Goldman Sachs Says Hormuz Closure Had Limited Economic Impact, Sees Brent at $90 by Year-End
Summary
- Goldman Sachs said the Strait of Hormuz closure had a limited impact on the global economy and kept the spike in international oil prices in check.
- Goldman Sachs said Brent crude could ease to around $90 a barrel by year-end, assuming a gradual normalization of traffic through the strait.
- Goldman Sachs put the odds of a U.S. recession at 25%%, citing weaker consumer spending power, higher energy costs and a low savings rate as risk factors.
Forecast Trend Report by Period


Goldman Sachs said the global economic fallout from the Strait of Hormuz closure was more limited than expected, while also signaling a stable outlook for energy markets.

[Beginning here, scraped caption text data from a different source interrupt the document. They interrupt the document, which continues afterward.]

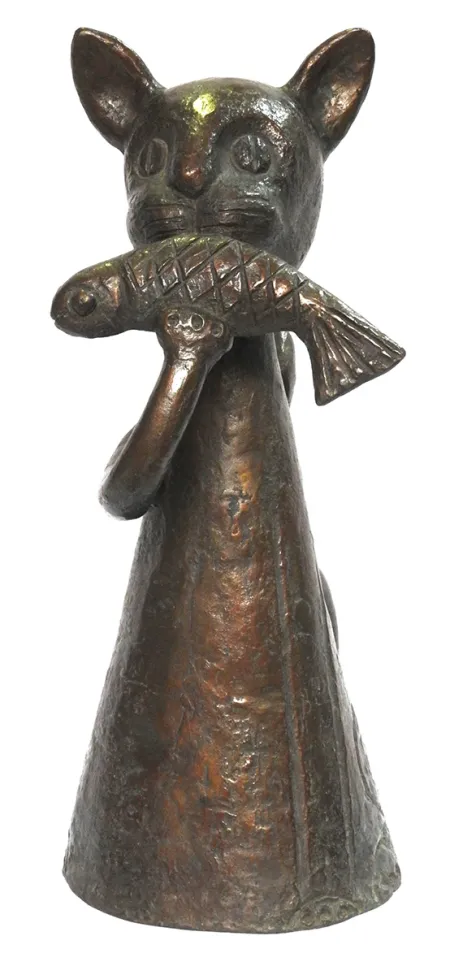 Untitled by Subrata Biswas - Bronze Sculpture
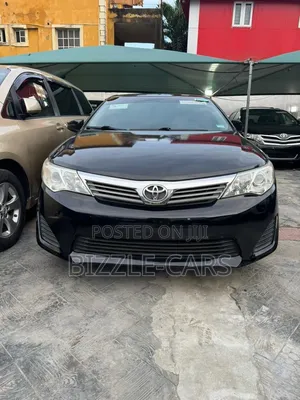 Toyota Camry 2012 Black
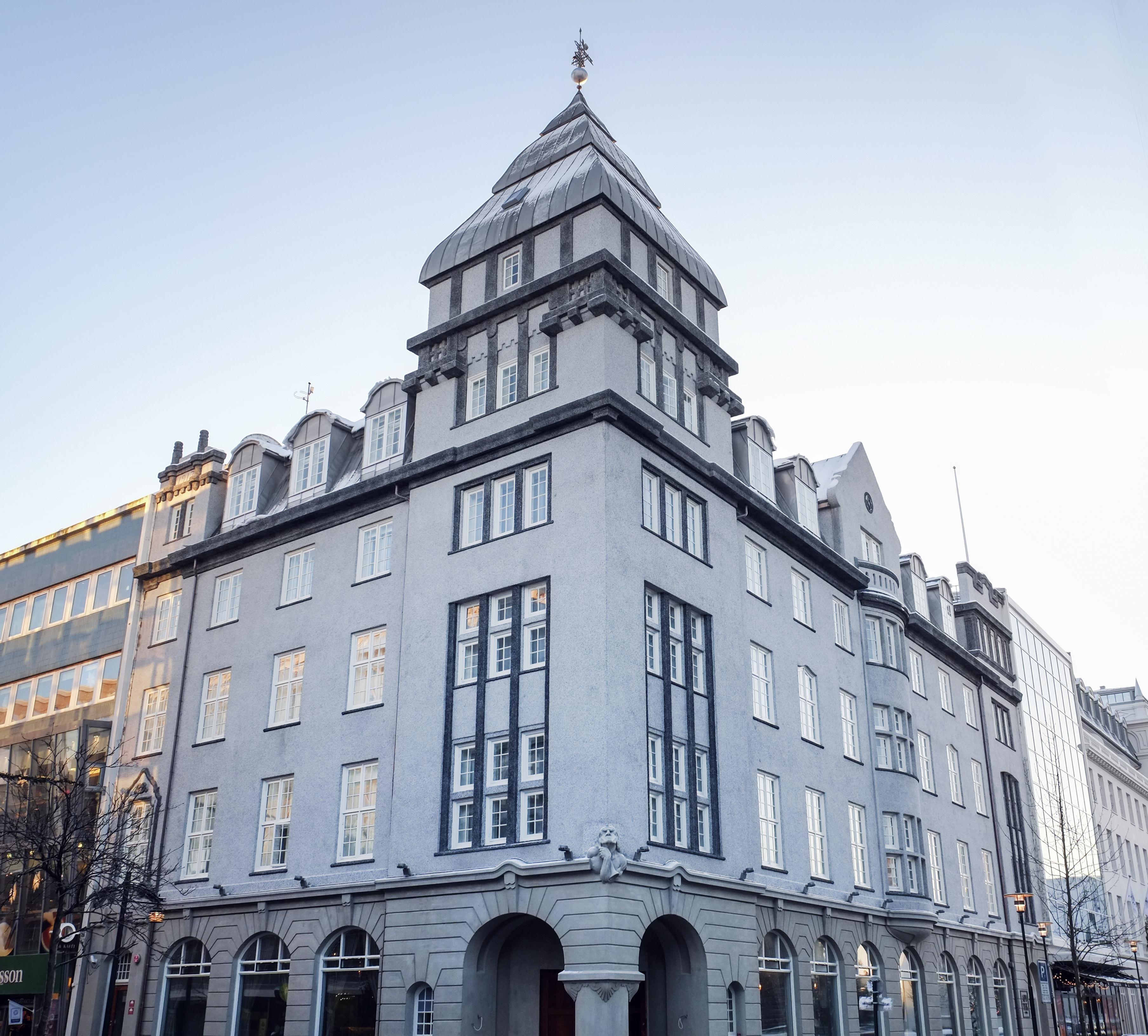 Apótek Hotel Reykjavík by Keahotels Kültér fotó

Walter Bloomberg reported on May 11 that Goldman Sachs Chief Economist Jan Hatzius estimated the roughly 10-week closure of the Strait of Hormuz had a smaller-than-expected impact on the global economy.
High crude inventories and expectations for policy support kept oil prices from surging as much as feared, he said.
Hatzius added that changes in demand, including broader use of renewable energy and less travel, also partly eased fuel shortages.
Goldman Sachs also said aggressive fiscal support, increased investment in artificial intelligence and accommodative financial conditions helped absorb the economic shock.
Assuming a gradual normalization of traffic through the strait, the bank expects Brent crude to ease to about $90 a barrel by year-end.
Still, Goldman Sachs said the possibility of a U.S. recession remains.
The bank put the probability of a U.S. recession at 25%, slightly lower than before, while citing weaker consumer spending power, higher energy costs, slower wage growth and low savings rates as risk factors.
Markets are watching the pace of normalization in the Strait of Hormuz and the direction of oil prices for clues on the global economic outlook.